- [Dataset extract]

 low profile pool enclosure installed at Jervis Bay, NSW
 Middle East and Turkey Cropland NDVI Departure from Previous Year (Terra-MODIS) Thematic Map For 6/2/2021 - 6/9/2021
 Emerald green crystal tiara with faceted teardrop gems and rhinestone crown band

---

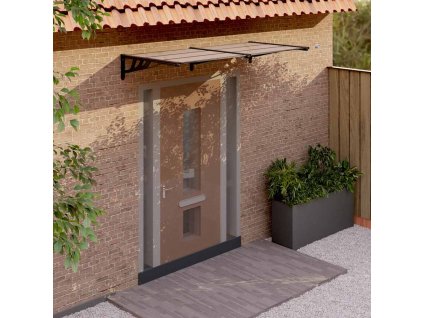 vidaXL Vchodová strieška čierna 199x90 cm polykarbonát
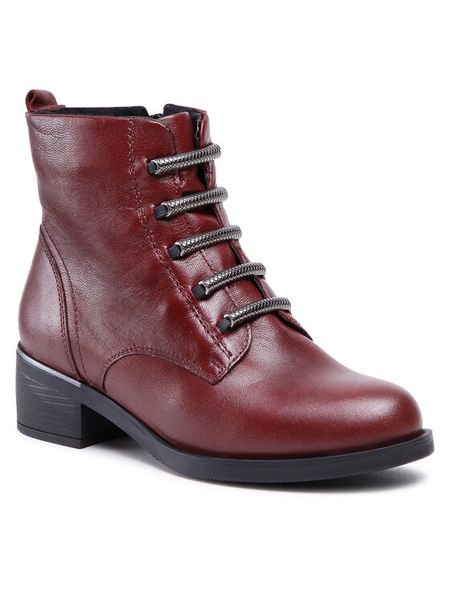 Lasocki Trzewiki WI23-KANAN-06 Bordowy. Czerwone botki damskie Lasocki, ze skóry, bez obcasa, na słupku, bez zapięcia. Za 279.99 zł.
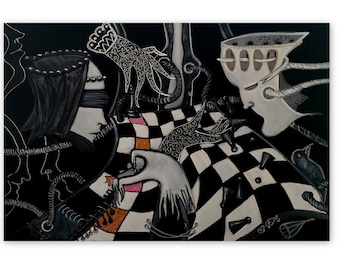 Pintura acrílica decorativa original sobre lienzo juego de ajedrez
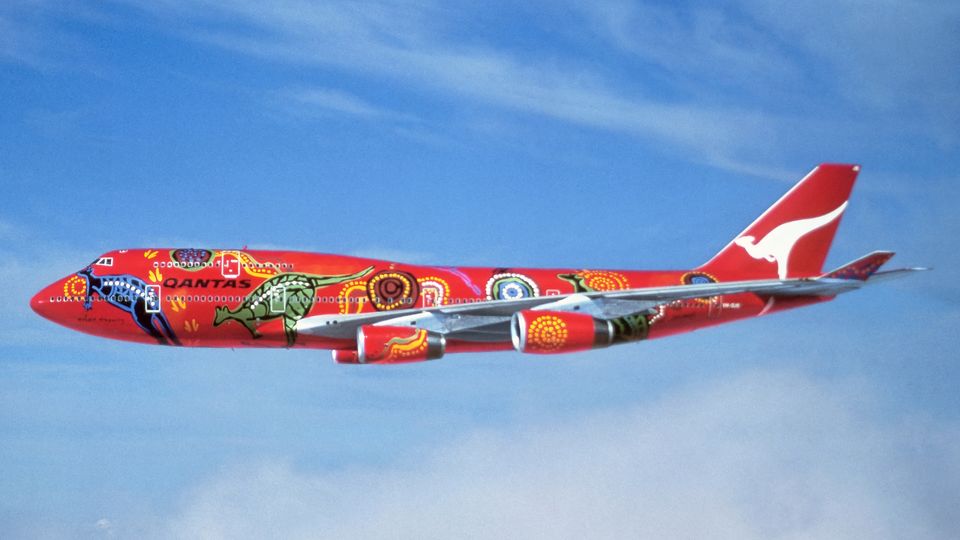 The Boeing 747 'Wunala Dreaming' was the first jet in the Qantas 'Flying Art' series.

---

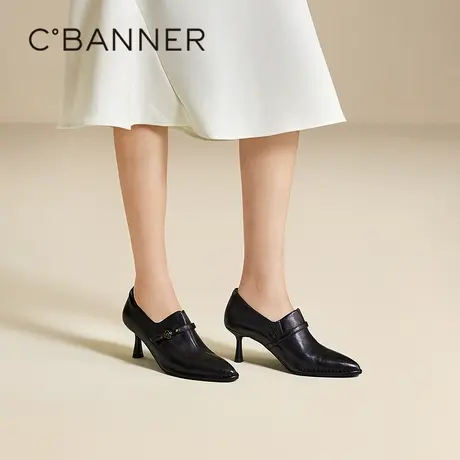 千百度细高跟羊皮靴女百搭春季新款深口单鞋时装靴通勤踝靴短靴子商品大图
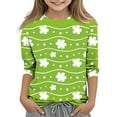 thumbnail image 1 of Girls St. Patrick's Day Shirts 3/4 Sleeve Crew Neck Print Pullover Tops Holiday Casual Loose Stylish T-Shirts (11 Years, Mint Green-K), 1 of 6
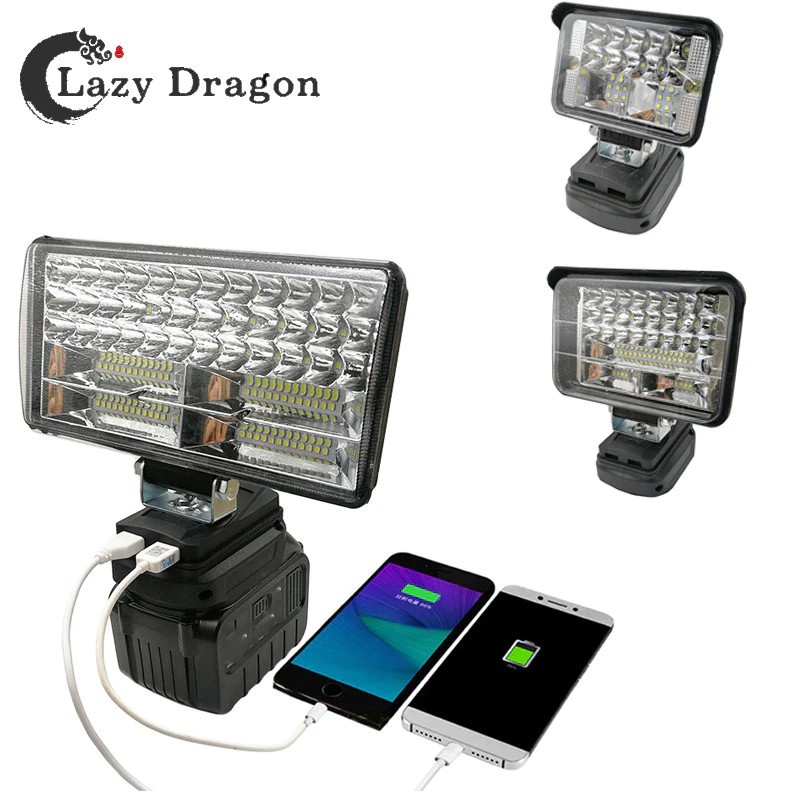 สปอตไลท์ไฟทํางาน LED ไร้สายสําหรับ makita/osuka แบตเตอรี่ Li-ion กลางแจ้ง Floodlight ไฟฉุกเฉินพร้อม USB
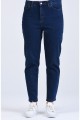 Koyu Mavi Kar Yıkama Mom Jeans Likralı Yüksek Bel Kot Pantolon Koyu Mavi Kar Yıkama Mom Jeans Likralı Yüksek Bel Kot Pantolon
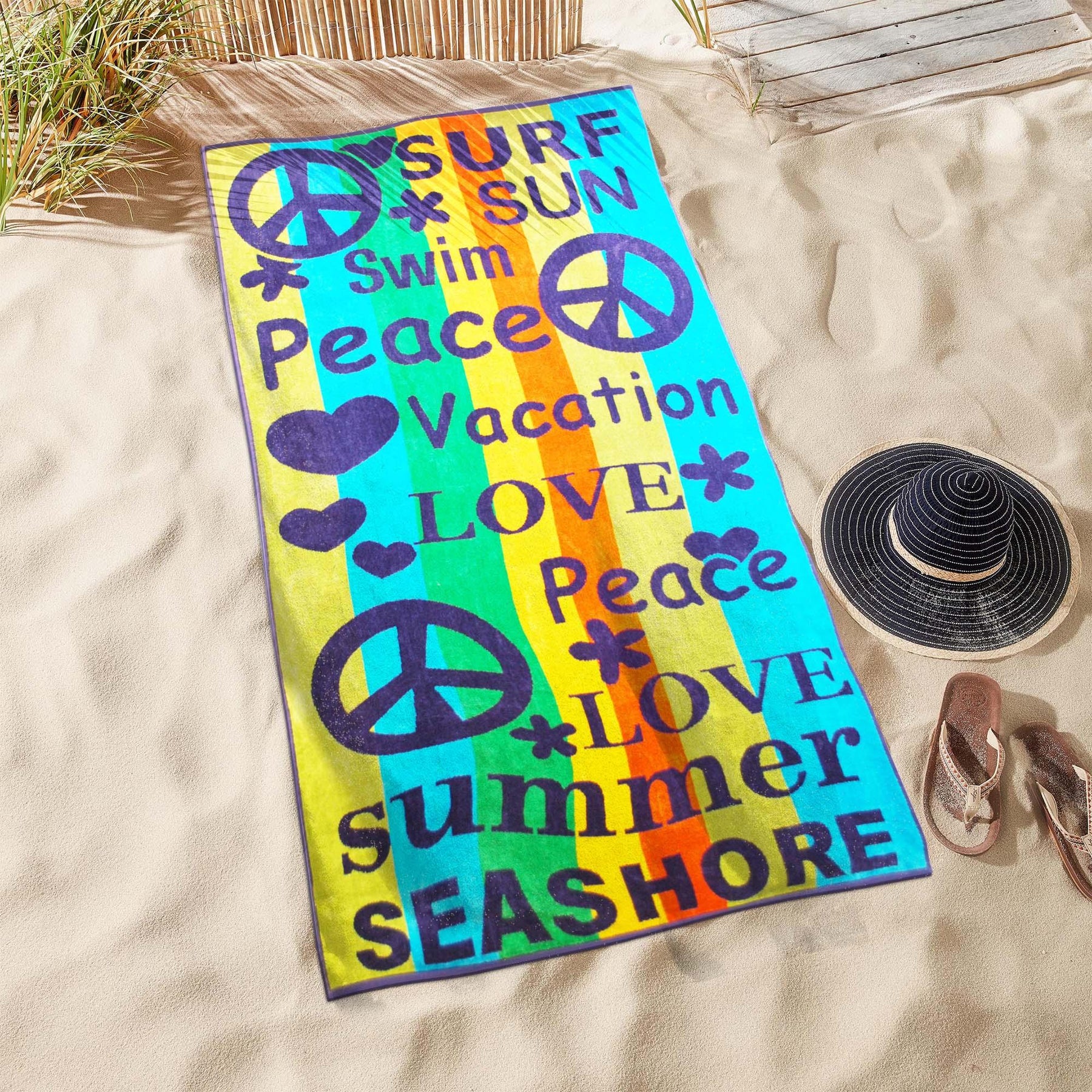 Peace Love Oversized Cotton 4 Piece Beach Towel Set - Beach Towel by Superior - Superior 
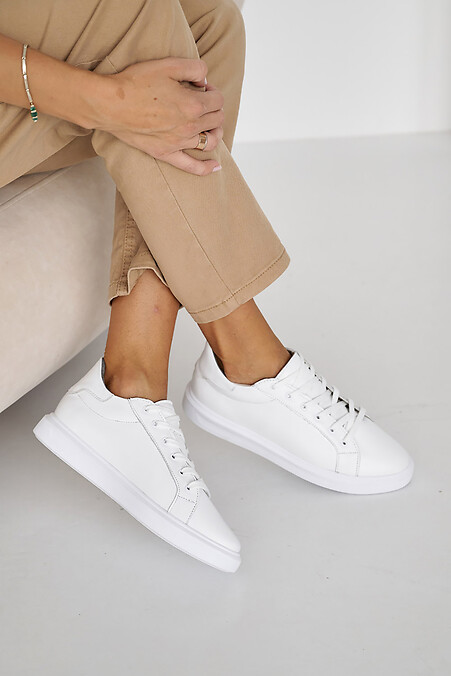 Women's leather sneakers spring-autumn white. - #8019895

- [Task description]
In the data above, find the line with "Pintura acrílica decorativa" and the line with "The Boeing 747". Please copy exactly those two lines and every line between them, but not the pictures.

- [Solution to the exercise]
 Pintura acrílica decorativa original sobre lienzo juego de ajedrez
 The Boeing 747 'Wunala Dreaming' was the first jet in the Qantas 'Flying Art' series.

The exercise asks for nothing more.